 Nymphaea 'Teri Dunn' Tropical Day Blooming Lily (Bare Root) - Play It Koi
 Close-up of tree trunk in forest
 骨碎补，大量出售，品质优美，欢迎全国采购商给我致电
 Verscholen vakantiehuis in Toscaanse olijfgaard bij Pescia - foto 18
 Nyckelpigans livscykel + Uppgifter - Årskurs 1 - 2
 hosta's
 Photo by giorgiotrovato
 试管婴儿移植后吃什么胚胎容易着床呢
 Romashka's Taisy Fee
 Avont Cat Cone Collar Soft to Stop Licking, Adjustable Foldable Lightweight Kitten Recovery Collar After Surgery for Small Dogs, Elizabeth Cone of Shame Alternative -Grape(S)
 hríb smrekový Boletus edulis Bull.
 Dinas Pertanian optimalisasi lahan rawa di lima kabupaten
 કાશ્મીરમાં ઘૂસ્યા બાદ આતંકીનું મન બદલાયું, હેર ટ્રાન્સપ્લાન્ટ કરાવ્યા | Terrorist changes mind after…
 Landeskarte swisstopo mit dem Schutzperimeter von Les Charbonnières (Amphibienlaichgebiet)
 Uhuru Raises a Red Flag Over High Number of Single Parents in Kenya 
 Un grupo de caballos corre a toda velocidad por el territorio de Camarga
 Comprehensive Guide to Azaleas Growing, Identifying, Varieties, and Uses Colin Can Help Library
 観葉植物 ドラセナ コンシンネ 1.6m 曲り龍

**Instructions for the task:**
Each record above, in full: retype it verbatim.

**Result:**
 Nymphaea 'Teri Dunn' Tropical Day Blooming Lily (Bare Root) - Play It Koi
 Close-up of tree trunk in forest
 骨碎补，大量出售，品质优美，欢迎全国采购商给我致电
 Verscholen vakantiehuis in Toscaanse olijfgaard bij Pescia - foto 18
 Nyckelpigans livscykel + Uppgifter - Årskurs 1 - 2
 hosta's
 Photo by giorgiotrovato
 试管婴儿移植后吃什么胚胎容易着床呢
 Romashka's Taisy Fee
 Avont Cat Cone Collar Soft to Stop Licking, Adjustable Foldable Lightweight Kitten Recovery Collar After Surgery for Small Dogs, Elizabeth Cone of Shame Alternative -Grape(S)
 hríb smrekový Boletus edulis Bull.
 Dinas Pertanian optimalisasi lahan rawa di lima kabupaten
 કાશ્મીરમાં ઘૂસ્યા બાદ આતંકીનું મન બદલાયું, હેર ટ્રાન્સપ્લાન્ટ કરાવ્યા | Terrorist changes mind after…
 Landeskarte swisstopo mit dem Schutzperimeter von Les Charbonnières (Amphibienlaichgebiet)
 Uhuru Raises a Red Flag Over High Number of Single Parents in Kenya 
 Un grupo de caballos corre a toda velocidad por el territorio de Camarga
 Comprehensive Guide to Azaleas Growing, Identifying, Varieties, and Uses Colin Can Help Library
 観葉植物 ドラセナ コンシンネ 1.6m 曲り龍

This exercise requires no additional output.